Why do we need the pre-attention decoder?

Mohammad_Atif_Khan · December 26, 2022, 4:24pm

I’m trying to understand the motivation behind why a pre-attention decoder is needed.

Can we not simply use the actual decoder as per the original design?

nilosreesengupta · December 26, 2022, 11:47pm

Attention models are more powerful mechanism than normal decoders. For working with bigger data - long paragraphs, long sentences or greater amount of information retrieval, the decoders ain’t appropriate as information carried by tokens are lost.

To solve this, attention models are used.

“Attention is a layer of calculations that let your model focus on the most important parts of the sequence for each step. Queries, values, and keys are representations of the encoder and decoder hidden states. And they’re used to retrieve information inside the attention layer by calculating similarity between the decoder queries and the encoder key value pairs. This is so flexible, it can even find matches between languages with very different grammatical structures or alphabets.”

Go through this video :

With regards,
Nilosree Sengupta

Mohammad_Atif_Khan · December 27, 2022, 2:51pm

Hi @nilosreesengupta ,
Thanks but my question is about the pre-attention decoder. Why do we need that? Does it serve another purpose that teacher forcing?

arvyzukai · December 28, 2022, 7:44am

Hi @Mohammad_Atif_Khan

The pre-attention decoder runs on the targets and creates activations that are used as queries in attention.

In this diagram, pre-attention decoder will encode the word “Wie”. (Not important: I’m not sure why it is not called pre-attention encoder because it encodes the targets.)

So the input encoder encodes inputs (“How are you today?”) as (“Keys” and “Values” for AttentionQKV), and the pre-attention decoder encodes “Wie” as a “Queries” for AttentionQKV). Given this information, AttentionQKV will score each of the encoder hidden states to know which one the decoder (the output decoder, another LSTM) should focus on to produce the next word.

I hope this clarifies things, if not, feel free to ask Cheers

newboadki · October 9, 2023, 9:47am

@arvyzukai , in the lectures it was mentioned that " The pass of the hidden states from the decoder tothe Attention Mechanism could not be easy to implement. Instead, you will be using two decoders". So it seams like that the main reason why we need the pre-attention decoder is because it is a simplification?

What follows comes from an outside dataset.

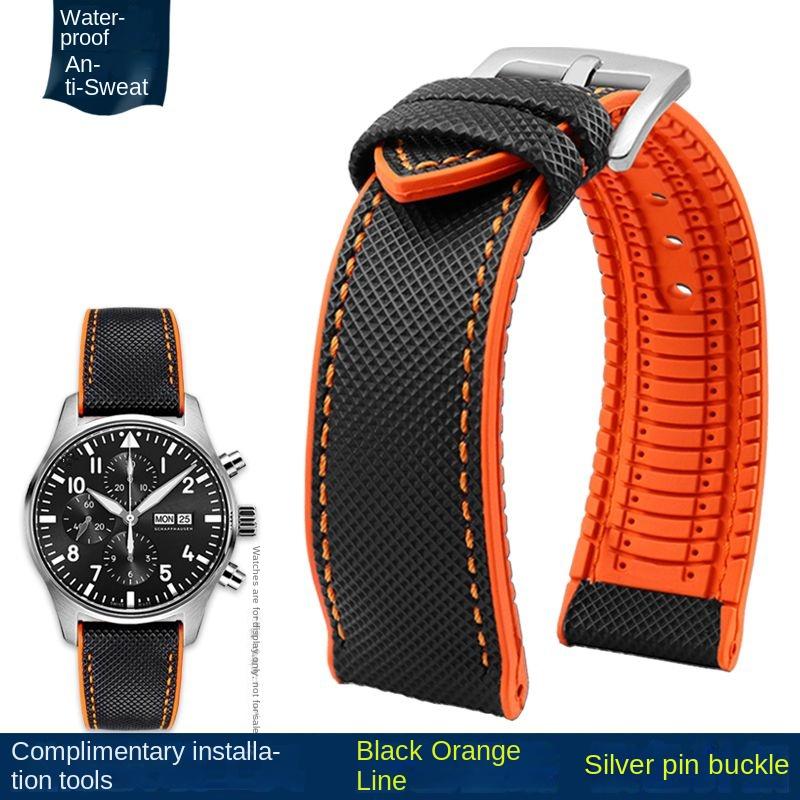 20mm 22mm 23mm 24mm Nylon Rubber Bottom Waterproof Watch Band for Longines IWC Pilot Mark 18 Seiko Omega Series Watchband Strap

Does this mean that the pre-attention decoder architecture is not widely used? Only for learning setups?
What are the names of other implementations that might pass the decoder’s previous hidden state to the attention layer?

Secondly, my understanding is that instead of passing the decoder’s previous hidden state vector to the attention layer, what we are doing is encoding (as suggested by arvyzukai) the target shifted right, which I understand in this context as assuming that the decoder got the prediction right at every single step (teacher forcing). So we are trying to approximate the decoder’s previous state by encoding a vector from the target as if it came from the decoder? Is my interpretation correct or can it serve as an intuition or it’s totally derailed?

Thanks.

arvyzukai · October 10, 2023, 1:27pm

Hi @newboadki

I would not think of pre-attention decoder as trying to approximate the decoder’s previous hidden state. Its goal is to encode the target “state” at every step in a sequence.

If pre-attention decoder wouldn’t have an LSTM in it, then the “queries” would be without context (for example, each “bank” would have the same representations regardless if there is “river” or “money” in the sequence). But since there is the LSTM layer after the embedding layer, each word is context aware (for example, each “bank” have different representations depending on other words including like “river” or “money”, or if this word is at the start or end of the sentence, etc.).

So, the pre-attention decoder produces the “queries” for the attention so that it could “align” them with encoder “keys”. In overly simple terms, pre-attention decoder asks what word should be translated.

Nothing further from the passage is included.